当社グループは、携帯端末のリース終了後に下取り業者に販売しています。携帯端末の残存資産リスクに対して複数の下取り業者から買取価格を入手するとともに、定期的に買取価格を観察して推移を確認しています。
(1) ファイナンス・リース
ファイナンス・リースについて連結損益計算書に認識した収益の内訳は、以下の通りです。
| (単位:百万円) | ||||
| 2022年3月31日に 終了した1年間 | 2023年3月31日に 終了した1年間 | |||
| 販売損益(純額) | 209 | △67 | ||
| 正味投資未回収額に対する金融収益 | 113 | 93 | ||
| 合計 | 322 | 26 | ||
このうち、2023年3月31日に終了した1年間におけるサブリースによる収益は964百万円です。(2022年3月31日に終了した1年間は938百万円です。

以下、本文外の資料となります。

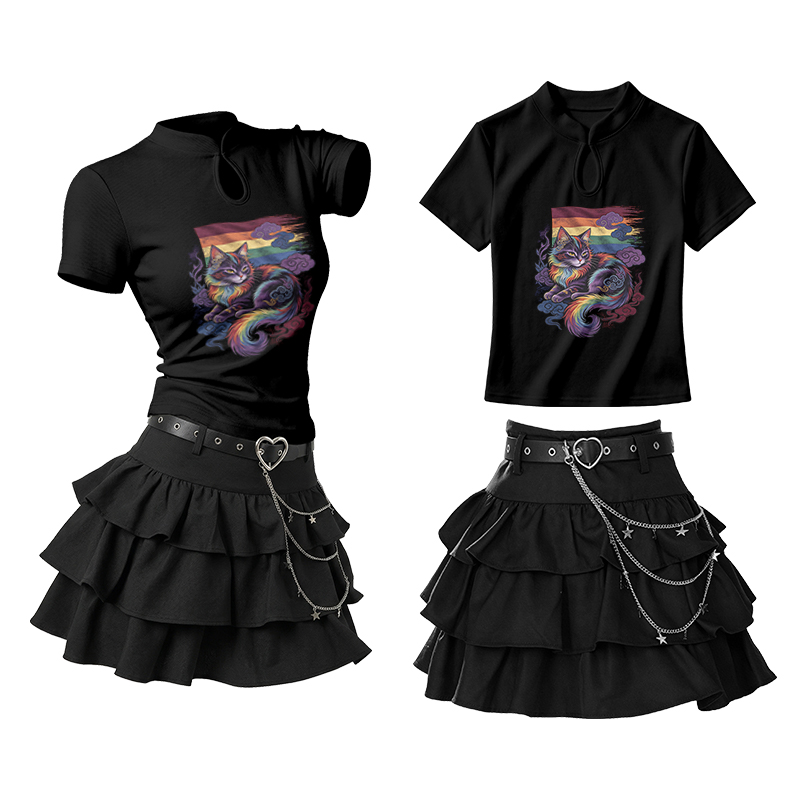 Mystic Rainbow Cat Graphic Vintage Buckle T-shirt Ruffle Mini Skirt Two Pieces Set - Black - L - image 1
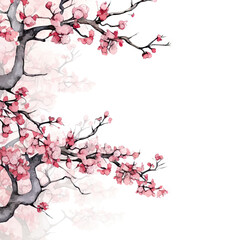 Ink painting cherry blossom in white background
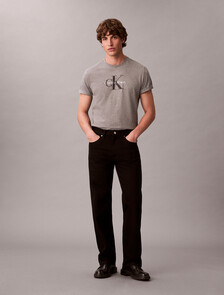 Monogram Crewneck Tee, Med Grey Htr, hi-res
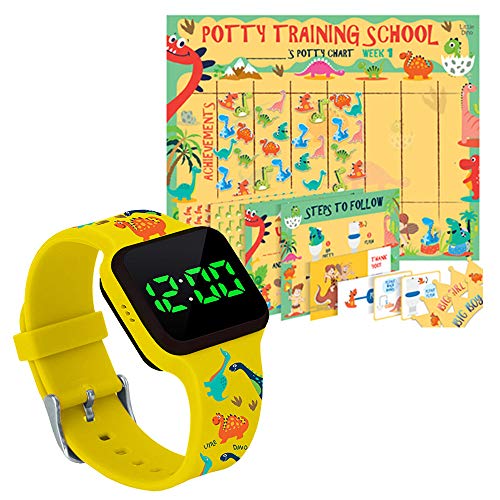 Potty trening broji tajmer sat sa svjetlima i glazbom - punjivi, dinosaur žuti bend i grafikon treninga za malu djecu - dizajn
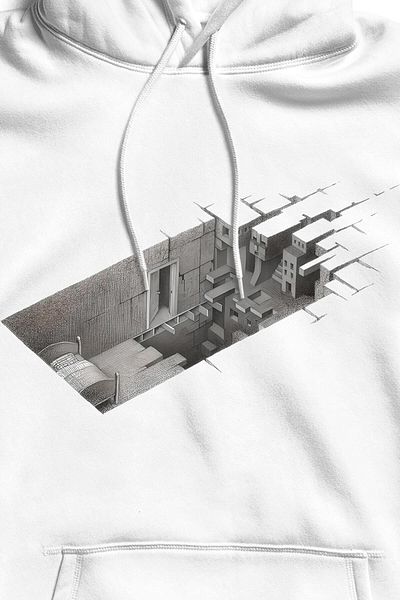 The Baski Unisex White Cool Architectural Printed Kangaroo Pocket Hoodie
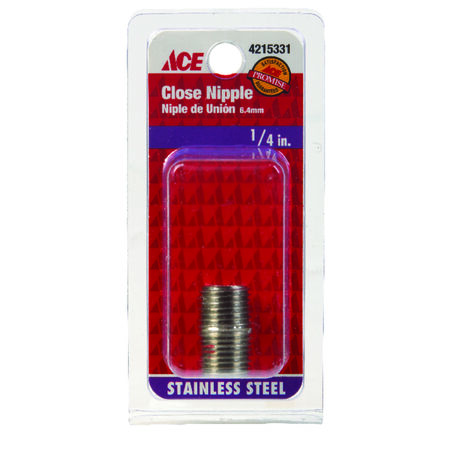 Smith-Cooper Schedule 40 MPT To MPT 1/4 in. Dia. x 1/4 in. Dia. x Close L Stainless Steel Pipe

)
期末日現在の割引前のリース料総額および正味リース投資未回収額の満期分析は、以下の通りです。
2022年3月31日
| (単位:百万円) | ||||||||
| 割引前の リース料総額 | リース料債権に関する 未稼得金融収益 | 割引後の 無保証残存価値 | 正味リース投資 未回収額 | |||||
| 1年以内 | 14,301 | △90 | - | 14,211 | ||||
| 1年超2年以内 | 8,449 | △40 | - | 8,409 | ||||
| 2年超3年以内 | 3,125 | △12 | - | 3,113 | ||||
| 3年超4年以内 | 380 | △1 | - | 379 | ||||
| 4年超5年以内 | 38 | △0 | - | 38 | ||||
| 5年超 | - | - | - | - | ||||
| 合計 | 26,293 | △143 | - | 26,150 | ||||
2023年3月31日
| (単位:百万円) | ||||||||
| 割引前の リース料総額 | リース料債権に関する 未稼得金融収益 | 割引後の 無保証残存価値 | 正味リース投資 未回収額 | |||||
| 1年以内 | 13,174 | △60 | - | 13,114 | ||||
| 1年超2年以内 | 7,576 | △26 | - | 7,549 | ||||
| 2年超3年以内 | 3,156 | △9 | - | 3,148 | ||||
| 3年超4年以内 | 444 | △2 | - | 442 | ||||
| 4年超5年以内 | 60 | △0 | - | 60 | ||||
| 5年超 | 1 | △0 | - | 1 | ||||
| 合計 | 24,411 | △97 | - | 24,314 | ||||
(2) オペレーティング・リース
オペレーティング・リースに係るリース料の満期分析は、以下の通りです。
2022年3月31日
| (単位:百万円) | ||
| 2022年3月31日 | ||
| 1年以内 | 22,735 | |
| 1年超2年以内 | 13,484 | |
| 2年超3年以内 | 4,993 | |
| 3年超4年以内 | 33 | |
| 4年超5年以内 | - | |
| 5年超 | - | |
| 合計 | 41,245 | |
2022年3月31日に終了した1年間におけるオペレーティング・リースのリース収益(指数またはレートに応じて決まるものではない変動リース料を除く)は、53,448百万円です。
うち、サブリースによる収益は6,553百万円です。
オペレーティング・リースの対象となっている有形固定資産の取得原価の増減、減価償却累計額及び減損損失累計額の増減および帳簿価額は、「注記13.有形固定資産」をご参照ください。
2023年3月31日
| (単位:百万円) | ||
| 2023年3月31日 | ||
| 1年以内 | 25,630 | |
| 1年超2年以内 | 16,155 | |
| 2年超3年以内 | 7,429 | |
| 3年超4年以内 | 265 | |
| 4年超5年以内 | 3 | |
| 5年超 | - | |
| 合計 | 49,482 | |
2023年3月31日に終了した1年間におけるオペレーティング・リースのリース収益(指数またはレートに応じて決まるものではない変動リース料を除く)は、54,531百万円です。
うち、サブリースによる収益は5,046百万円です。
オペレーティング・リースの対象となっている有形固定資産の取得原価の増減、減価償却累計額及び減損損失累計額の増減および帳簿価額は、「注記13.有形固定資産」をご参照ください。